On Wed, Oct 16, 2024 at 2:20 PM David Hildenbrand david@redhat.com wrote:
I also don't know how you treat things like folio_test_hugetlb() on possible assumptions that the VMA must be a hugetlb vma. I'd confess I didn't yet check the rest of the patchset yet - reading a large series without a git tree is sometimes challenging to me.
I'm thinking to basically never involve folio_test_hugetlb(), and the VMAs used by guest_memfd will also never be a HugeTLB VMA. That's because only the HugeTLB allocator is used, but by the time the folio is mapped to userspace, it would have already have been split. After the page is split, the folio loses its HugeTLB status. guest_memfd folios will never be mapped to userspace while they still have a HugeTLB status.
We absolutely must convert these hugetlb folios to non-hugetlb folios.
That is one of the reasons why I raised at LPC that we should focus on leaving hugetlb out of the picture and rather have a global pool, and the option to move folios from the global pool back and forth to hugetlb or to guest_memfd.
How exactly that would look like is TBD.
For the time being, I think we could add a "hack" to take hugetlb folios from hugetlb for our purposes, but we would absolutely have to convert them to non-hugetlb folios, especially when we split them to small folios and start using the mapcount. But it doesn't feel quite clean.
As hugepage folios need to be split up in order to support backing CoCo VMs with hugepages, I would assume any folio based hugepage memory allocation will need to go through split/merge cycles through the guest memfd lifetime.
Plan through next RFC series is to abstract out the hugetlb folio management within guest_memfd so that any hugetlb specific logic is cleanly separated out and allows guest memfd to allocate memory from other hugepage allocators in the future.
Simply starting with a separate global pool (e.g., boot-time allocation similar to as done by hugetlb, or CMA) might be cleaner, and a lot of stuff could be factored out from hugetlb code to achieve that.

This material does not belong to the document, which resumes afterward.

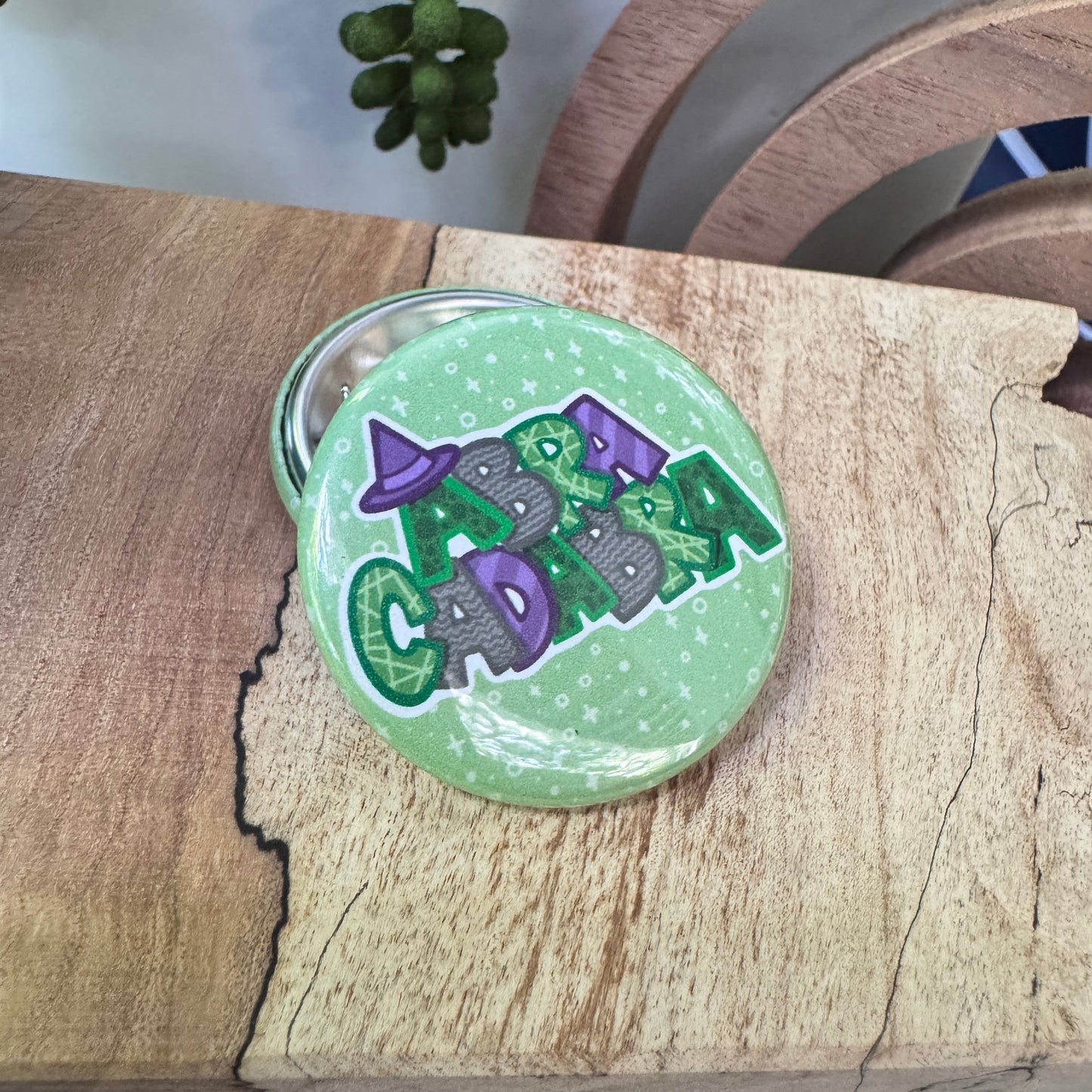 Round green badge with purple and gray design on a wooden surface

I am not sure if a separate global pool necessarily solves all the issues here unless we come up with more concrete implementation details. One of the concerns was the ability of implementing/retaining HVO while transferring memory between the separate global pool and hugetlb pool i.e. whether it can seamlessly serve all hugepage users on the host. Another question could be whether the separate pool/allocator simplifies the split/merge operations at runtime.